The Prevention from Access and Hybrid clauses

The Court examined a number of clauses that both covered circumstances in which simply  a business is prevented from gaining access to its premises, and so-called hybrid clauses where that access is prevented because of a disease. For example, one sample clause read:

“losses resulting solely and directly from an interruption to your activities caused by your inability to use the insured premises due to restrictions imposed by a public authority during the period of insurance following an occurrence of any human infectious or human contagious disease, an outbreak of which must be notified to the local authority” 

In these cases, the Supreme Court offered a wider construction than the High Court.

  • the “restriction imposed” did not need to have the force of law, underpinned by statutory instrument. Instead, the Court recognised that there have been occasions during the past year where statements have been made by the Prime Minster which were understood to be instructions to various professions to cease operations immediately, even if there was some delay before they have the force of law.
  • a policy holder could claim for those parts of its premises that it was unable to use, even if it could use others. The obvious example would be restaurants claiming for loss of in-person diners whilst the continued to offer take-away meals.
  • the same conclusions about causation in the context of Disease Clauses were reached in the context of prevention of access clauses.
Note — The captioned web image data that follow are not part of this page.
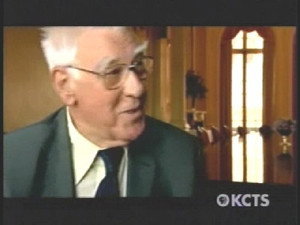 A kozmoszon túl 32. évad Ep.11 11. epizód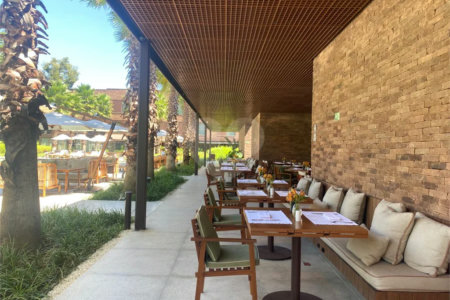 Apartamento à venda com 4 suítes em CIDADE JARDIM, São Paulo, SP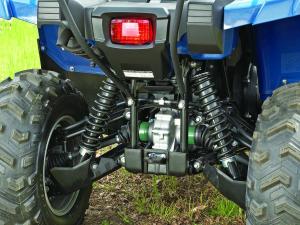 2010.yamaha.grizzly550fi4x4eps.close-up.rear-suspension.jpg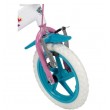 Children's bicycle 12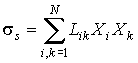  4.89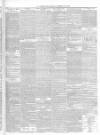 Northern Daily Times Saturday 10 May 1856 Page 3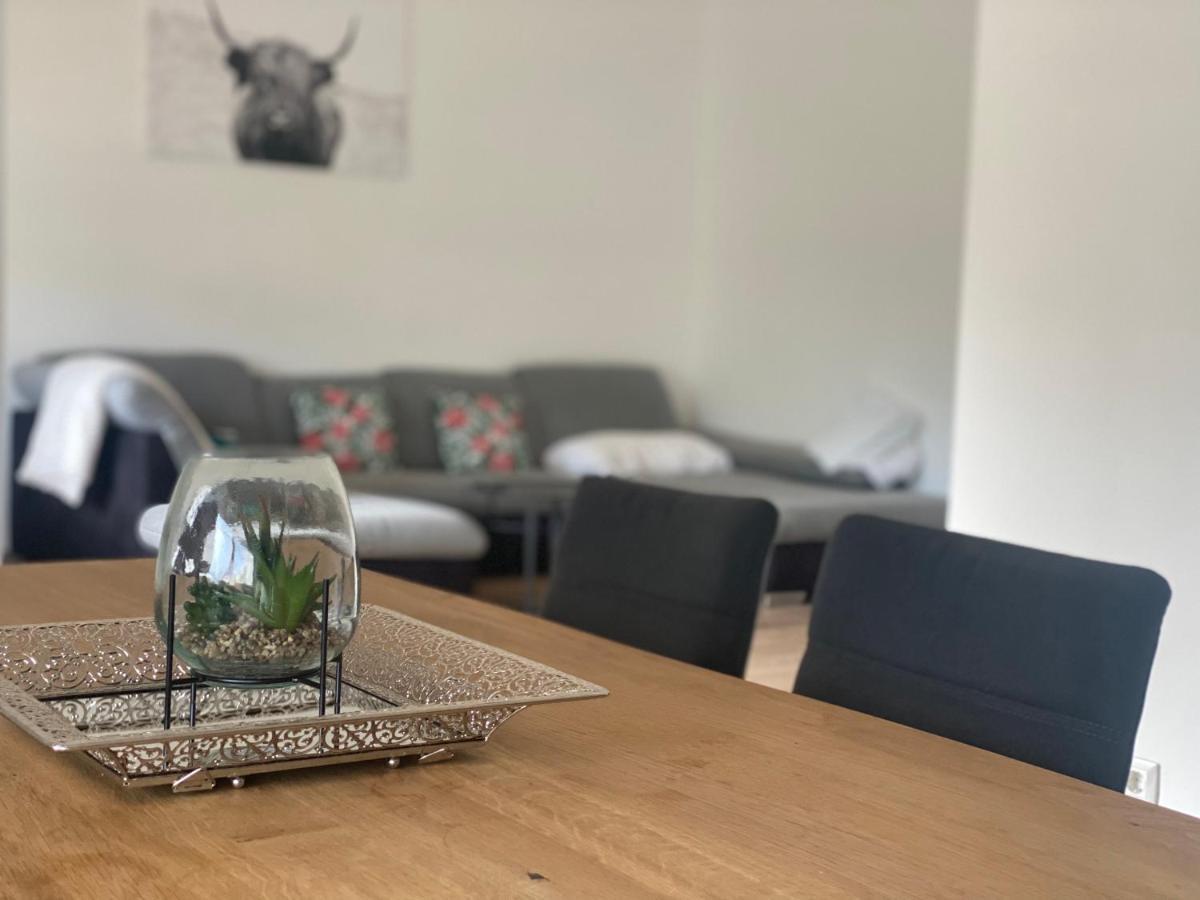 Apartment Mit Parkblick Gratkorn Εξωτερικό φωτογραφία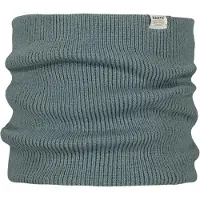Barts - Kid's Kinabalu Col - Bufanda size One Size, multicolor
Trends clauses and pre-trigger downturn

Trends clauses provide the method by which business interruption losses are quantified, notably by adjusting the figures achieved by businesses in previous years to account for trends or other occurrences that might have affected the business in any event even if the insured peril did not occur. Again, the Supreme Court disagreed in some respects with the High Court’s approach to these clauses:

  • The Supreme Court confirmed that, absent clear wording to the contrary, insurers cannot adjust a business’ interruption losses by taking into account other COVID-19 related losses that it might have suffered irrespective of the insured peril.
  • So, it would not be open to an insurer to argue that the loss incurred by a business’ not being able to access the premises can be adjusted on the basis that footfall would be lower in any event because of COVID-19. COVID-19 and its various consequences are not trends or circumstances that can be prayed in aid of when quantifying what the business would otherwise have earned had the insured peril not taken place.
  • For that reason (as well as the Court’s view on causation) the Orient Express case, a landmark case familiar to practitioners of insurance law involving Hurricane Katrina, was wrongly decided and overruled.
  • Finally, disagreeing with the High Court, the Supreme Court held that insurers could not take into account any downturn in business related to COVID-19 that had occurred before the triggering of the policy. Again, in the words of the Court, the trends or circumstances for which adjustments may be made do not include trends or circumstances caused by the insured peril itself or its underlying or originating cause.

What does this mean?

The case rightly attracted a lot of attention from policy holders, insurers, and the press. Clearly, it is a cause for celebration for those businesses which held policies with the insurers involved in the test case, as well as for the FCA who will have been pleased to see the first use of the Financial Markets Test Case scheme result in such a significant judgment. Perhaps it makes the case for exploring the introduction of such schemes in other industries.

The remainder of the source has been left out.